WHAT YOU SHOULD DO:
Using the data below, reproduce exactly the lines from the line with "Gloucester Citizen Tuesday" to the line with "公式】東洋水産株式会社（マルちゃん） (@toyosuisan_jp) /", both included; pictures must be dropped.

SOURCE DATA:
══════════

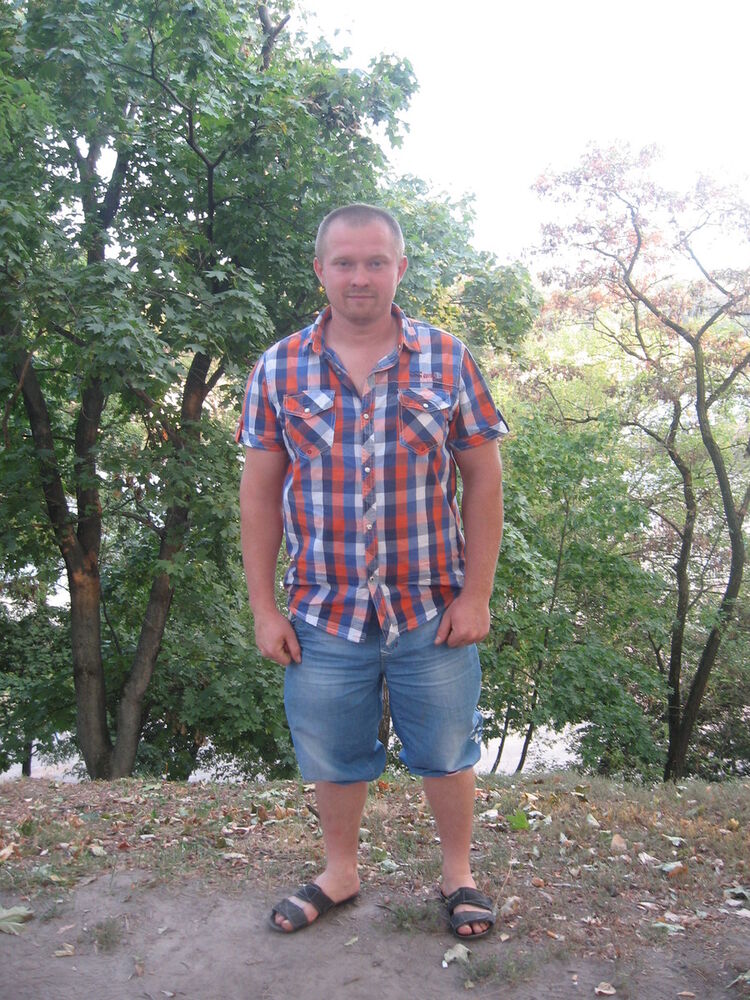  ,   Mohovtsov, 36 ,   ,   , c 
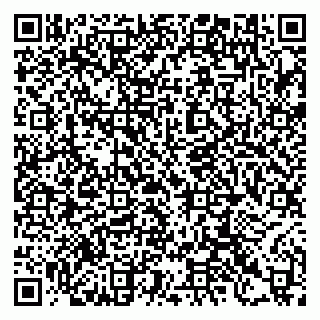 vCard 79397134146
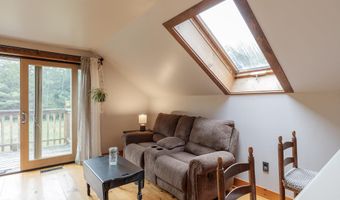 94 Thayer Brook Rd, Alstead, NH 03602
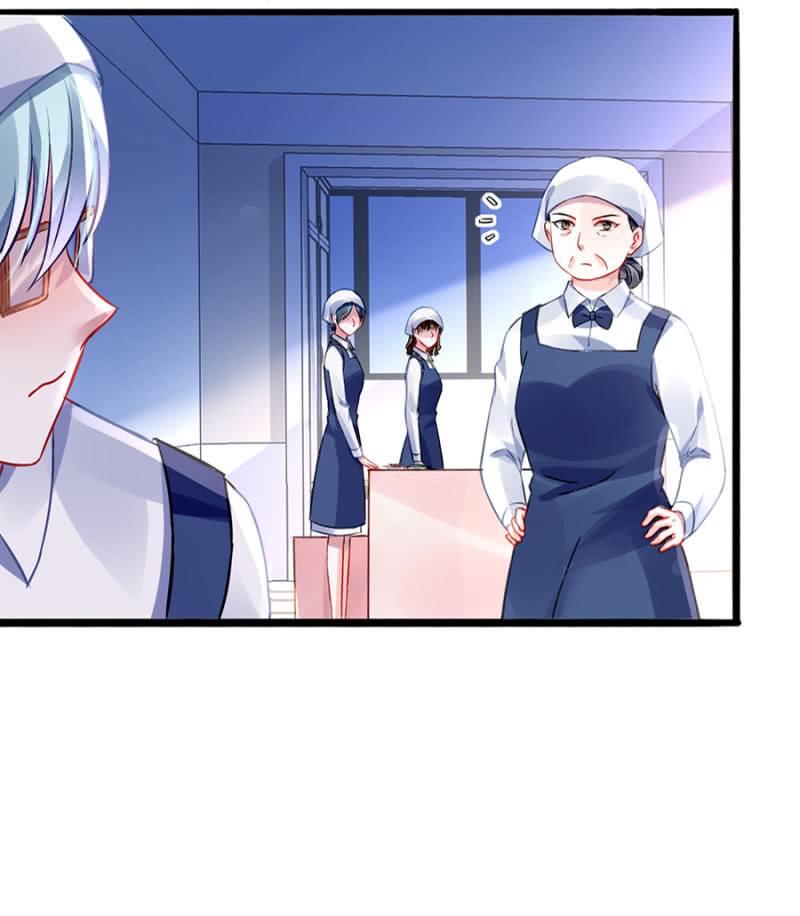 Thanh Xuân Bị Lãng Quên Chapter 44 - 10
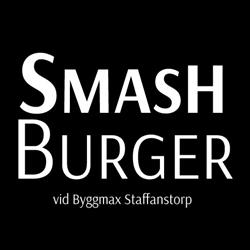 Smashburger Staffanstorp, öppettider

══════════

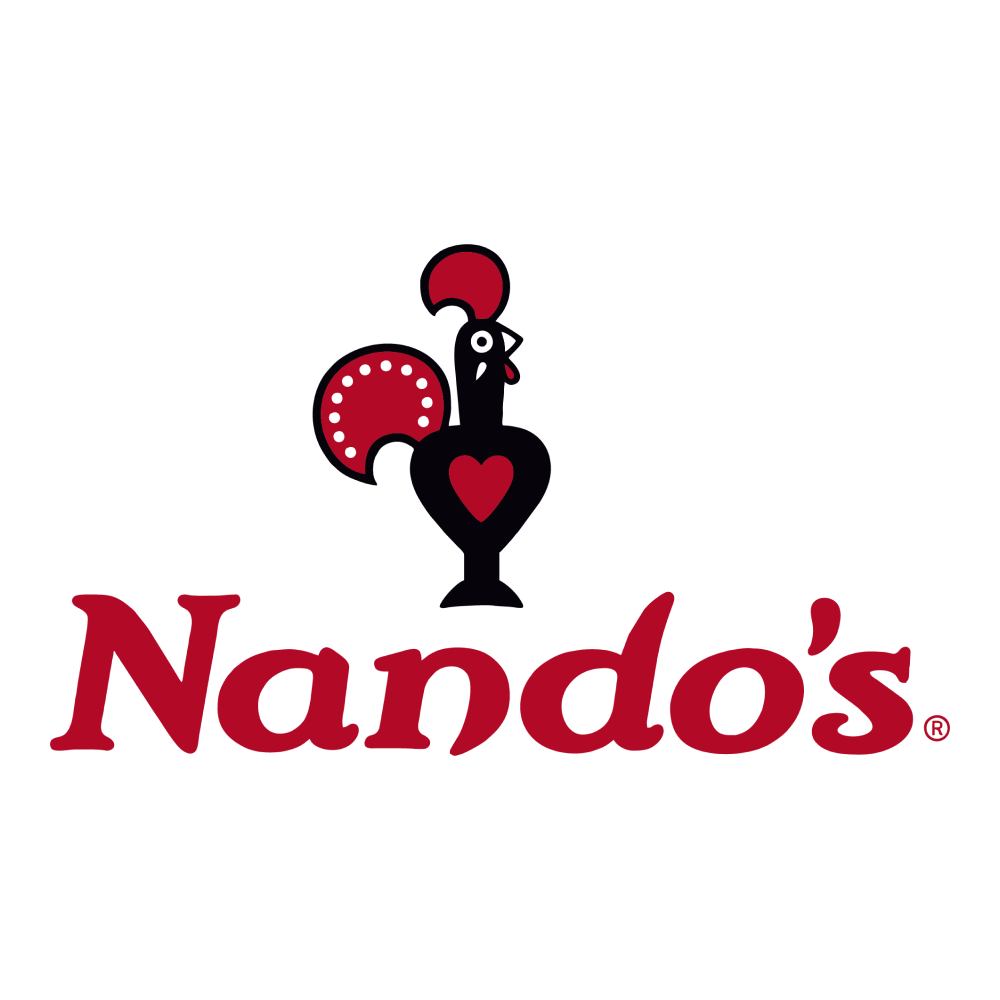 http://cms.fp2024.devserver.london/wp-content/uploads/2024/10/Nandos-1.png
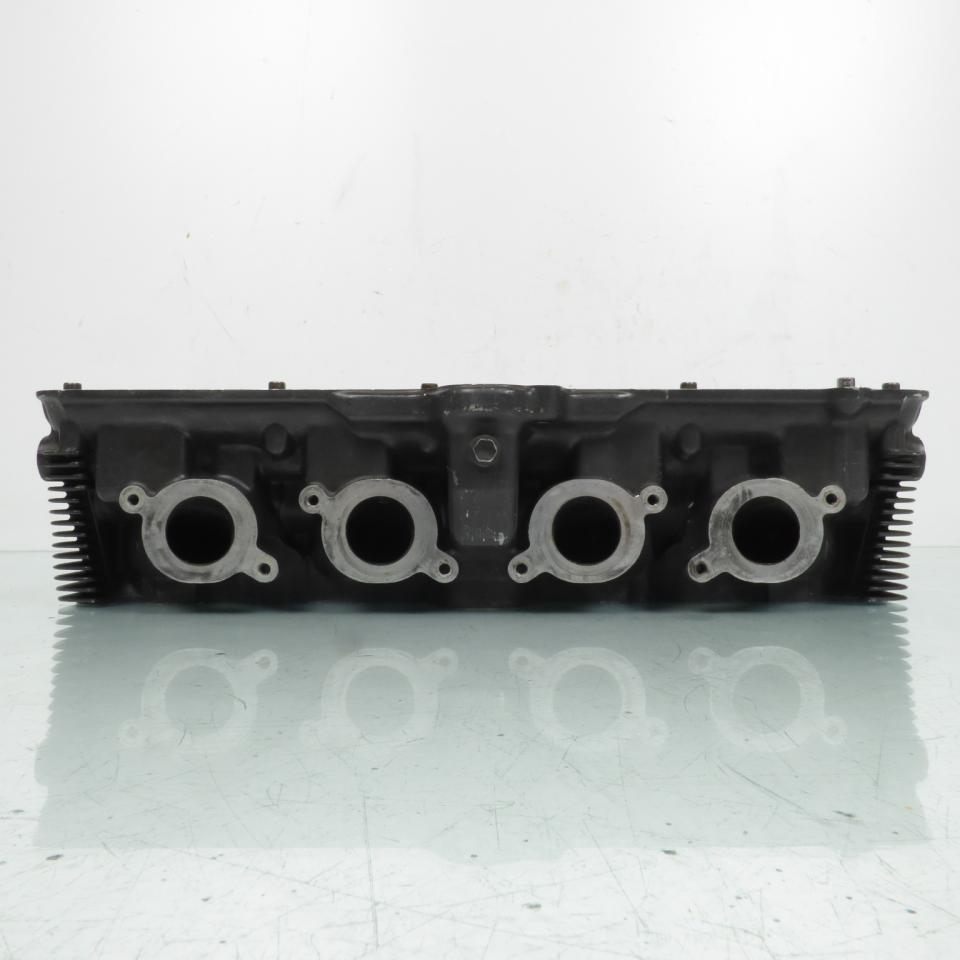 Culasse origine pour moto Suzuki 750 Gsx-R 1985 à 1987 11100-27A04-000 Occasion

══════════

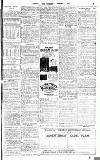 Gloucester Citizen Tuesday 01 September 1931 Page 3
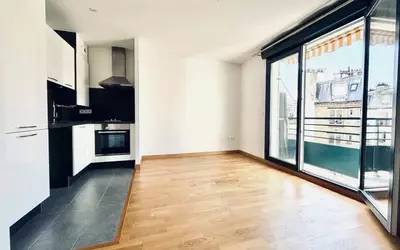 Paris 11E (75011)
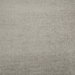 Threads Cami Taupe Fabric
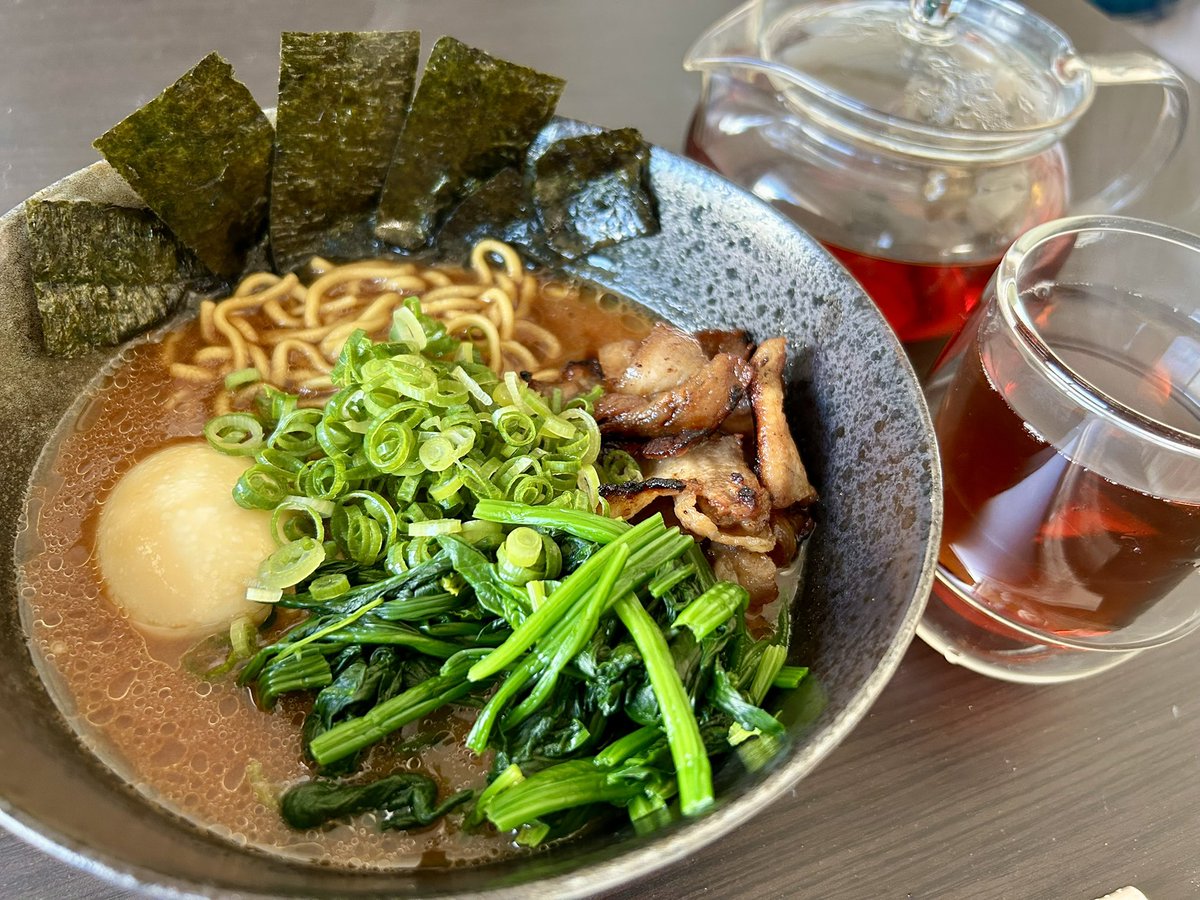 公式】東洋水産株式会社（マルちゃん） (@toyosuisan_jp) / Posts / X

══════════

EXPECTED ANSWER:
 Gloucester Citizen Tuesday 01 September 1931 Page 3
 Paris 11E (75011)
 Threads Cami Taupe Fabric
 公式】東洋水産株式会社（マルちゃん） (@toyosuisan_jp) / Posts / X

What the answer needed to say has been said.